Under the leadership of new Chair Lina Khan, the Federal Trade Commission (FTC) has been making waves, from the public spats among commissioners at Khan’s first open meeting, and later in testimony before Congress where the FTC pleaded its case for more power and resources. Khan has made clear her ambitions to overhaul the agency’s approach to antitrust, abandoning the consumer welfare standard in favor of what one commissioner called “unchecked regulatory authority on businesses.” The aggressive push for change continued with this week’s open meeting that offered all but five days—including a weekend—for public comment, despite covering such important topics such as changes to the FTC’s rulemaking process and a repeal of the 2020 guidelines for vertical mergers.

The open meeting highlights the agency’s push for greater control over industry, especially Big Tech. In addition to a party line vote to repeal the 2020 vertical merger guidelines, the FTC unveiled a study on mergers by Big Tech that are too small to report. While informative, the study says little about their impact on competition or the benefits or costs to consumers. Nonetheless, Khan suggests stricter oversight of these transactions is important: “I think of serial acquisitions as a Pac-Man strategy. Each individual merger, viewed independently, may not seem to have significant impact. But the collective impact of hundreds of smaller acquisitions can lead to a monopolistic behemoth.”
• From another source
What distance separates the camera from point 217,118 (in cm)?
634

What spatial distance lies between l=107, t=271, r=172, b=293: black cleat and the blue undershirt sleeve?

The confirmation of Lina Khan and her swift ascension to chair was a clear signal that the Biden administration is getting tough on antitrust, a sentiment reaffirmed by the pick of Jonathan Kanter as the Department of Justice’s top antitrust enforcer. Like Khan, he has been an advocate of more aggressive antitrust policies, particularly when it comes to Big Tech. The current administration, it appears, has embraced the neo-Brandeisian approach to antitrust (a.k.a. hipster antitrust), a populist take on antitrust with an aversion to bigness.

Indeed, the FTC chair’s previous academic work and critique of Amazon are considered foundational by the hipster antitrust movement. The new chair also has criticized the economic mindset of the agency, claiming “Antitrust over the last few decades has become dependent on a particular type of economic theory.”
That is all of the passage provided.